Abstract 189: Simultaneous Imaging of the Single-Myocyte Optical Action Potentials and Intracellular Ca2+ Dynamics in Langendorff-Perfused Rat Heart by a Novel Dual-Imaging Confocal Microscopy
Rapid-scanning confocal imaging of intracellular Ca2+ ([Ca2+]i) dynamics in the heart has revealed various abnormal [Ca2+]i dynamics that indicate arrhythmogenic potential. For example, Ca2+ waves under [Ca2+]i overload and beat-to-beat alteration of Ca2+ transients may lead to triggered arrhythmia and inhomogeneous excitation and conduction, respectively. However, it is unknown whether such abnormal [Ca2+]i dynamics accompany altered electrical activities in the individual myocytes. To elucidate the link between [Ca2+]i dynamics and the membrane potentials (Vm) of the myocytes in the heart we developed a novel dual-imaging system for both the [Ca2+]i dynamics and optical Vm at cellular levels. Optical signals for [Ca2+]i and Vm were obtained using in situ confocal microscopy (x40 objective lens, 2.2 ms/frame, 96x64 pixels) after loading the rat heart with fluo3/AM and RH237, respectively. The subepicardial myocardium of the heart was excited by Argon/Krypton (488/568nm) laser. The dual, non-overlapping signals for fluo3 and RH237, obtained by splitting the emitted light with a dichroic filter (565nm) and the respective emission filters of 535/40 nm and 774/50nm, were detected by a high-speed CCD camera (14 bits). Following results were obtained from 17 hearts.
During sinus rhythm the myocytes exhibited spatially uniform Ca2+ transients with simultaneous action potentials.
Under perfusion with Ca2+-free solution Ca2+ transients were diminished while the action potentials remained.

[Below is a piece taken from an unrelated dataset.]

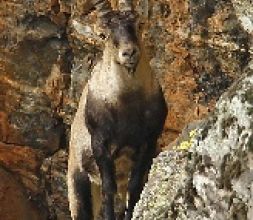 Rutas Observación de Fauna. Macho Montes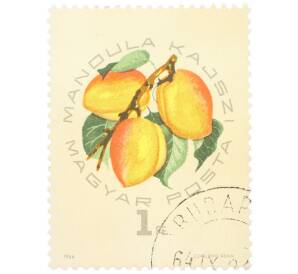 Почтовая марка 1 форинт 1964 года Венгрия «Экспозиция абрикосов — Mandula Kajszi»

The durations of these two parameters were stimulation-frequency dependent: the higher the frequency (up to 5Hz), the shorter the durations.
At a stimulation frequency of 4Hz or higher Ca2+ transients often showed beat-to-beat alternans while no discernible alternans was obtained in action potentials.
Under [Ca2+]i overload, cessation of high-frequency pacing at 5 Hz resulted in synchronous emergence of Ca2+ waves among individual cells which accompanied fluctuations of the optical Vm.
In summary, we succeed in acquiring [Ca2+]i dynamics Vm and optical of individual myocytes simultaneously in the whole heart. This novel approach would provide important information to understand the mechanism of Ca2+-mediated arrhythmias.